Importunado com tanta
insistência, consentiu o santo em voltar ao local mencionado, não para
satisfazer o irmão, mas para pôr à luz o ardil do demónio. Volta até a bolsa
com o irmão e um jovem que passava; põe-se em oração e ordena a seu companheiro
que pegue o dinheiro. O irmão tremia já de medo, pois começava a pressentir uma
aparição do demónio; mas forçado pelo preceito da santa obediência, pôs de lado
toda dúvida e estendeu a mão para pegar o dinheiro.
No mesmo instante, uma
serpente descomunal saiu da bolsa e, ao desaparecer, no mesmo instante, levou-a
consigo, ficando bem claro o ardil do demónio. Uma vez desmascarada a dita
astúcia, disse Francisco a seu companheiro:
“O dinheiro, irmão
caríssimo, para os servos de Deus é apenas o demónio e uma serpente venenosa!”

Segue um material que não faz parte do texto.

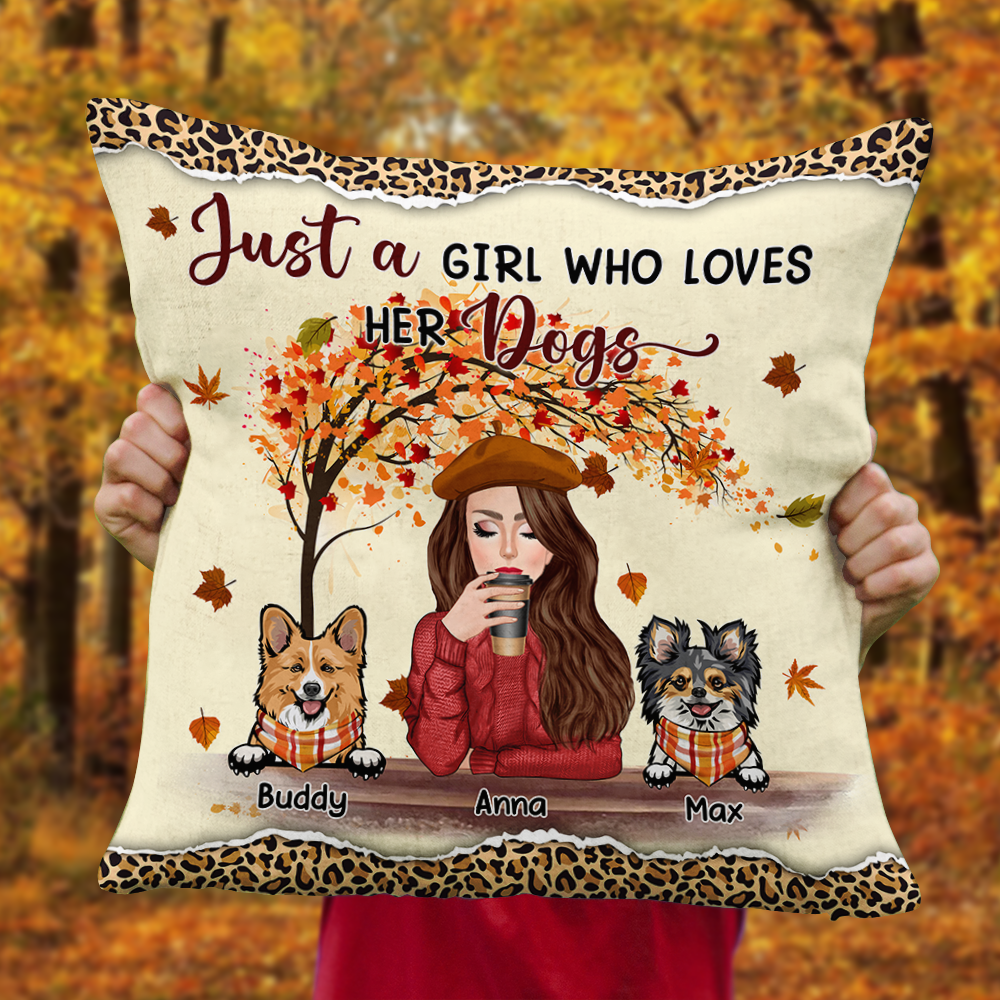 Personalized Pillow - Gift Dor Dog Lovers - Just A Girl Who Loves Her Dogs AD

5. Depois disso, ao dirigir-se
à cidade de Sena por motivo urgente, aconteceu ao santo um facto extraordinário.
Três senhoras pobres,
perfeitamente semelhantes de estatura, idade e semblante, saíram-lhe ao
encontro na grande planície que se estende entre Campiglia e San Quirico, as
quais o saudaram de um modo completamente inusitado:
“Seja bem-vinda a Senhora
Pobreza”.
A essas palavras, uma
alegria inefável inundou o coração apaixonado daquele amante da Pobreza, pois
se houvesse nele qualquer virtude a saudar, nenhuma outra melhor existiria.
Tendo elas desaparecido subitamente,
os companheiros de Francisco, ao considerar nas três senhoras semelhança tão
admirável e a surpresa de tal aparição, a forma que usaram de saudação e o
repentino desaparecimento delas, julgaram com toda razão que nisso tudo se
ocultava algum segredo misterioso relacionado com o santo fundador.
De facto, essas três
senhoras pobres com traços tão semelhantes, saudação tão estranha e
desaparecimento tão inesperado, podem perfeitamente simbolizar a perfeição
evangélica, cuja tríplice beleza: pobreza, castidade e obediência, resplandecia
igualmente no homem de Deus, que havia preferido orgulhar-se na pobreza.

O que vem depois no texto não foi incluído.